Bloomberg
Companies hoping to build wind farms off the coast of the UK have started to pay the more than $1 billion in annual fees for access to sections of empty sea, starting a race to build the projects as quickly as possible and generate clean electricity.
The Crown Estate, which manages the seabed around England and Wales, signed agreements to lease six areas off the country’s coast to developers including BP Plc, TotalEnergies SE and RWE AG. With the contracts signed, the developers are on the hook to pay annual fees for as much as 10 years or until their projects reach certain maturity thresholds.
The agreements come nearly two years after the companies first agreed to pay record-high fees for a chance to develop the renewable power plants at the center of Britain’s strategy to cut greenhouse gas emissions. If built, the wind farms would provide enough electricity to satisfy demand for roughly seven million British homes, and will be key to the UK’s plans to reach net-zero emissions by the middle of the decade.
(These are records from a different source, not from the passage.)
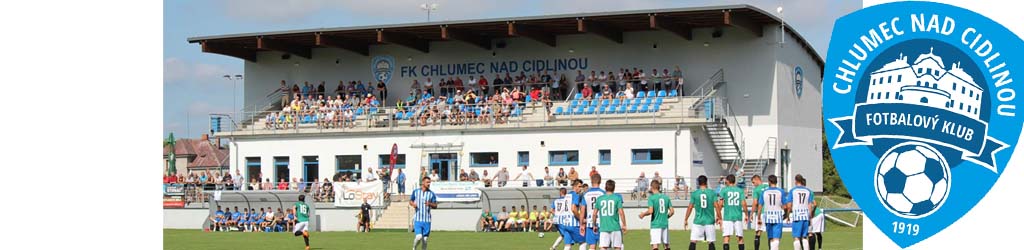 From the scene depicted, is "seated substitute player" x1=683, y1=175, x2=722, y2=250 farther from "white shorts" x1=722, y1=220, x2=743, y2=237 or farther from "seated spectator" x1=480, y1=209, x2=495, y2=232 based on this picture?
"seated spectator" x1=480, y1=209, x2=495, y2=232

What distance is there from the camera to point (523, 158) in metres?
40.8

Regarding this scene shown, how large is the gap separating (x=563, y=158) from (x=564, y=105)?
6.12ft

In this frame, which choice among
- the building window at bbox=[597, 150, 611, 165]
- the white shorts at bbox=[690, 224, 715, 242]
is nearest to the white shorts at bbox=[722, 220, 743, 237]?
the white shorts at bbox=[690, 224, 715, 242]

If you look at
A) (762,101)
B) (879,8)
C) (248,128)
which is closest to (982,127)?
(879,8)

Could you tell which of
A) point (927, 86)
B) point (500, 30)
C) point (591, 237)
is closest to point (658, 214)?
point (591, 237)

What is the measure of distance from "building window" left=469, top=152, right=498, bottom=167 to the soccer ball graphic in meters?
25.3

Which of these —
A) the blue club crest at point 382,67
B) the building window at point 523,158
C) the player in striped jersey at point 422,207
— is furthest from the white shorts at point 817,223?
the blue club crest at point 382,67

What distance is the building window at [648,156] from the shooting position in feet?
128

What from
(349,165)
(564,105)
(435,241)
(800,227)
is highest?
(564,105)

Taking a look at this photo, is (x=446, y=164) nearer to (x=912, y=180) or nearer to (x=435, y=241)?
(x=435, y=241)

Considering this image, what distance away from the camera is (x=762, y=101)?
4056 cm
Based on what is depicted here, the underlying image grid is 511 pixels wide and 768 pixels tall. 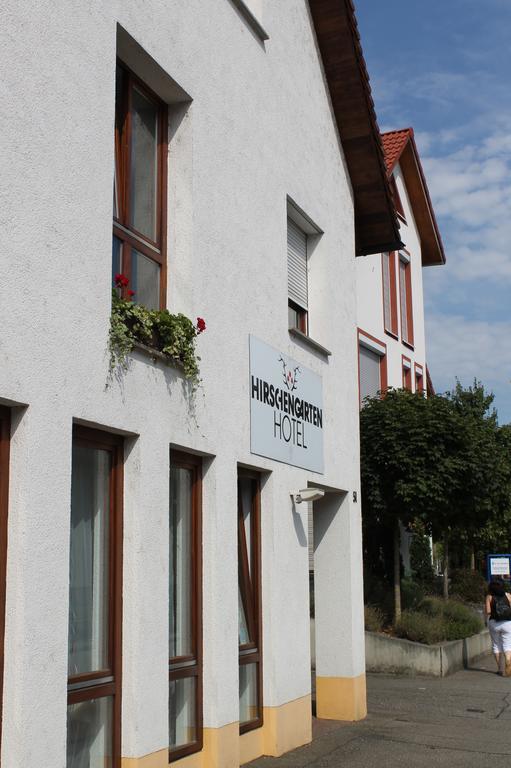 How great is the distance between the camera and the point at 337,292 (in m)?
12.2

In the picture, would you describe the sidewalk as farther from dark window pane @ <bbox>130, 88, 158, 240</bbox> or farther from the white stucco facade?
dark window pane @ <bbox>130, 88, 158, 240</bbox>

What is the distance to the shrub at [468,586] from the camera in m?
25.5

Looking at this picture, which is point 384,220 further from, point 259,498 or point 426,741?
point 426,741

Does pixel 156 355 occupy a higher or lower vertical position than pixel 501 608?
higher

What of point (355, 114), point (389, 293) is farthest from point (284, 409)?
point (389, 293)

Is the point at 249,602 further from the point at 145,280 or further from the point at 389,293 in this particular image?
the point at 389,293

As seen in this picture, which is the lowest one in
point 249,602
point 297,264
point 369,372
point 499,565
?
point 249,602

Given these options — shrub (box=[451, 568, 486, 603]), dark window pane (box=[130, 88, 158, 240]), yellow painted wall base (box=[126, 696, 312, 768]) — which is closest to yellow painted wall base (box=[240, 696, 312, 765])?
yellow painted wall base (box=[126, 696, 312, 768])

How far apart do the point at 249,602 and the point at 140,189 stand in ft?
12.9

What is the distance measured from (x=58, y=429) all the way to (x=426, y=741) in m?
6.66

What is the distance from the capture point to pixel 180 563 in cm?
796

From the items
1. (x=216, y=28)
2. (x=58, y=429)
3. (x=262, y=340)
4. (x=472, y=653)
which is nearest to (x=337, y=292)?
(x=262, y=340)

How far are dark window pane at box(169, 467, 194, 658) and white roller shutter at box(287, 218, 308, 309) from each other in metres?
3.75

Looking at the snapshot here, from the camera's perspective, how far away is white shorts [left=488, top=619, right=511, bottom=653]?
17109mm
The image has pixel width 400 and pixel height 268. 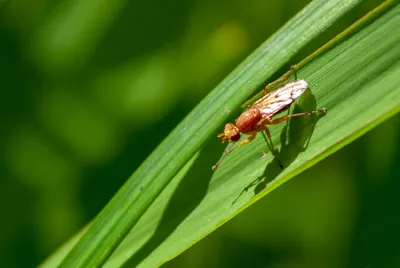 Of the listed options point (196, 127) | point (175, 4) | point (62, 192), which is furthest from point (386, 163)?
point (62, 192)

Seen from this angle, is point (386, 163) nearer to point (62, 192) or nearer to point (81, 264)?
point (81, 264)

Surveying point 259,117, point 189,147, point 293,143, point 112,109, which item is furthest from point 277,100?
point 112,109

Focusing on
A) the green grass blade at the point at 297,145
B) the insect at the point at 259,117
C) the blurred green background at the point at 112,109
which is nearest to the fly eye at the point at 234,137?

But the high fees for seabed add another cost, along with higher wind turbine prices and rising interest rates, that could make it harder to finance the next generation of giant wind farms or make their power more expensive for consumers. When agreed in 2021, the fees amounted to nearly £880 million ($1.1 billion) and are
adjusted for inflation annually.
Britain has the world’s largest fleet of offshore wind farms outside China. The country helped pioneer the practice, which places turbines out in the sea, where wind speeds are stronger and more consistent. Development in the middle of the open water also allows developers to use the largest turbines available, which today are the size of skyscrapers.